After last year's critically acclaimed bilingual production of The Secret Garden, the Phoenix Theatre for Children is tackling The Miracle Worker.

The play, written by William Gibson, tells the story of Helen Keller, a blind-and-deaf girl who learns to communicate with teacher Annie Sullivan.

Helen, who was born in 1880, was 19 months old when she contracted a fever that left her blind and deaf. When she was about 7, her parents hired Sullivan as a tutor. Through patience and dedication, Sullivan connected with Helen, who learned to read, write and speak by age 10.

Steven C. Anderson, who is directing the production, is using

an all-central Ohio cast, including actors who are either deaf or blind.

Reagan Belhorn, 7, of Hilliard will make her stage debut as Keller. The youngster, a first-grader at the Ohio School for the Deaf, said she has learned discipline by being in this show.

"I can't go to gymnastics class or do after-school activities," Reagan said. "Also, during the week, I have to do my homework during school instead of having recess time. Also, I will miss a lot of school and have a lot of homework to make up during performance weeks."

Although Reagan has some favorite moments in the play -- especially the food fight between Keller and Sullivan -- she has found the role challenging.

"Learning how to act blind" has been difficult, said Reagan, who relies on her ability to see people to communicate through sign language. "It is hard not to look at other people onstage."

"For Reagan to have the opportunity to see and interact with blind students and to experience what blind people might experience has been really, really beneficial," said Anderson, artistic director of the Phoenix Theatre for Children. "That's a tall order for a 7-year-old."

Sarah Hiance, who played Lilly in The Secret Garden, returns to the Phoenix stage to portray Helen's mother, Kate.

"Last year was eye-opening for me to experience deaf theater for the first time," said Hiance, 21, a senior at Otterbein who will graduate with a degree in musical theater and a minor in dance. "It has changed my life and how I look at theater. Now that I am more comfortable with the structure of building a bilingual show, I am simply blessed to be performing in another one as special as this."

Anderson found a teacher to play a teacher: Julie Stewart, who works at the Ohio School for the Deaf.

Stewart, who is deaf, was an American Sign Language coach for The Secret Garden. She wanted to audition for the role of Annie Sullivan and return to her acting roots. She has a bachelor's degree in theater and film.

The role has provided insight into Sullivan's work, said Stewart.

"My first impression of Annie was she was a strict and knowing-it-all teacher," she said. "I had no idea of her terrible past with her family and the state institution she was sent to with her brother. Now I see her as a fighting spirit who wants the best for Helen and . . . found the love from Helen (that) she has lacked since her brother died. . . . That showed me Annie is a human."
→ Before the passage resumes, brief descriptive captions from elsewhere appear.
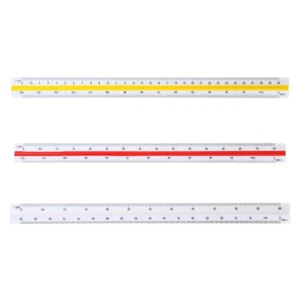 Triangular Scale Ruler Architectural Ruler Architect Scale Ruler for Draftsmen - Picture 1 of 8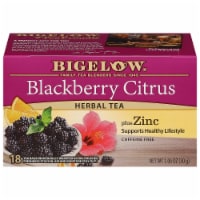 Bigelow® Blackberry Citrus Herbal Tea Caffeine Free Tea Bags plus Zinc
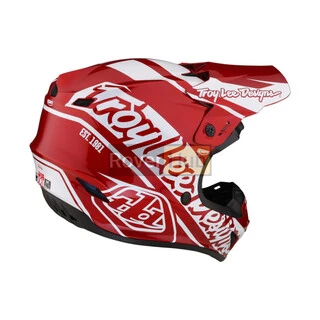 Мотошолом TLD GP HELMET SLICE [RED/ WHITE] XL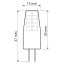 LED capsule 2,3-25W 3000K 300° G4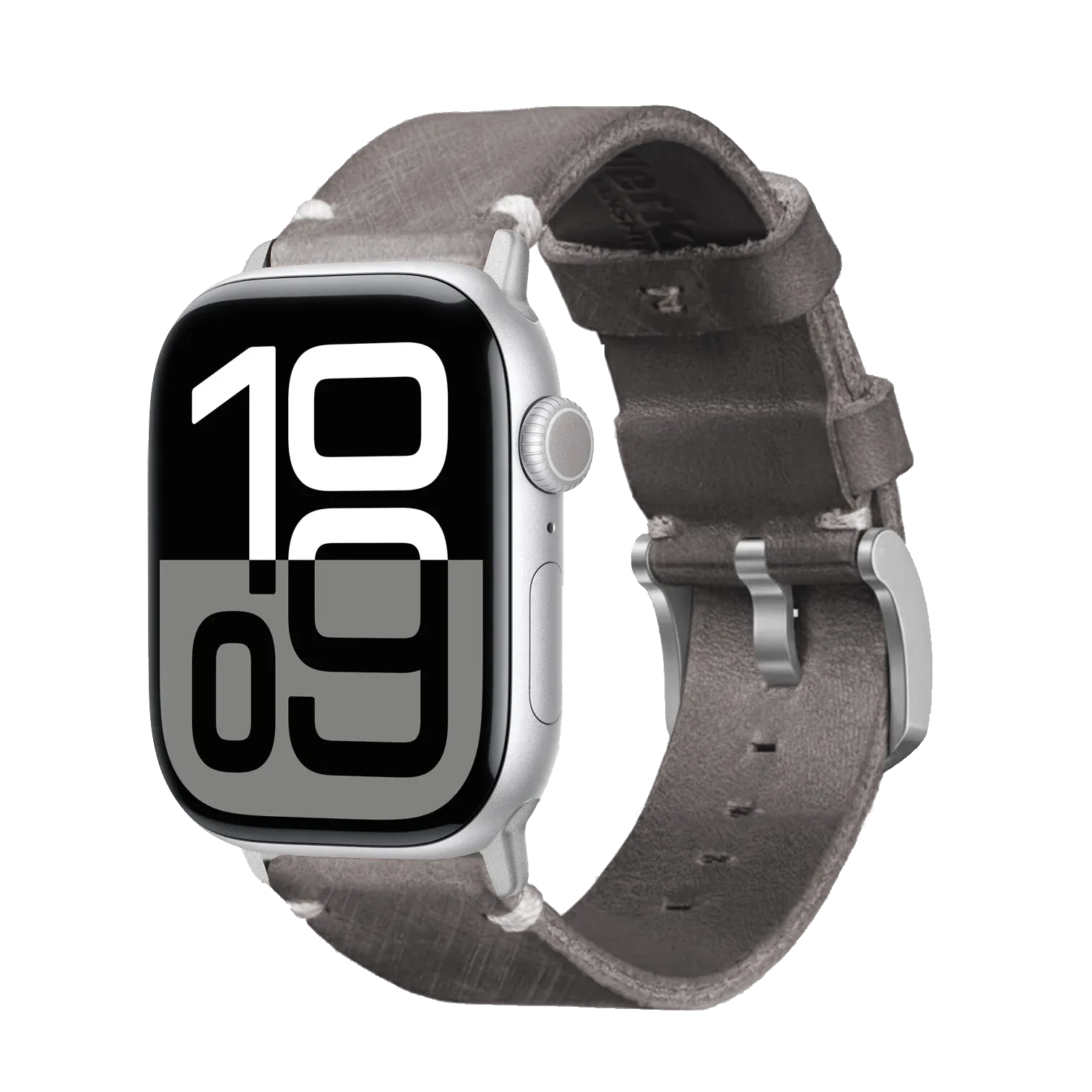 Grau / 42mm / Silber Matt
Stewart's favorite part is the scene that depicts the last two weeks Annie has to spend with Helen, a period when Annie is desperately trying to make Helen start learning.

"This scene shows me how much I feel about myself as a teacher of the deaf," she said. "There have been moments where I disagree with some of the students' education plans or school placements, but I have to let them go and trust that the plans will work out the best. That's where I find connection between myself and Annie as a teacher."

Written for television in 1957 and adapted for Broadway in 1959, the play withstands the test of time, Anderson said.

"That's what really sold me about going ahead and putting it on the schedule for this season," he said. "It's such an incredibly powerful story about the human spirit overcoming adversity. It's about becoming a teacher and how, as a teacher, you also learn."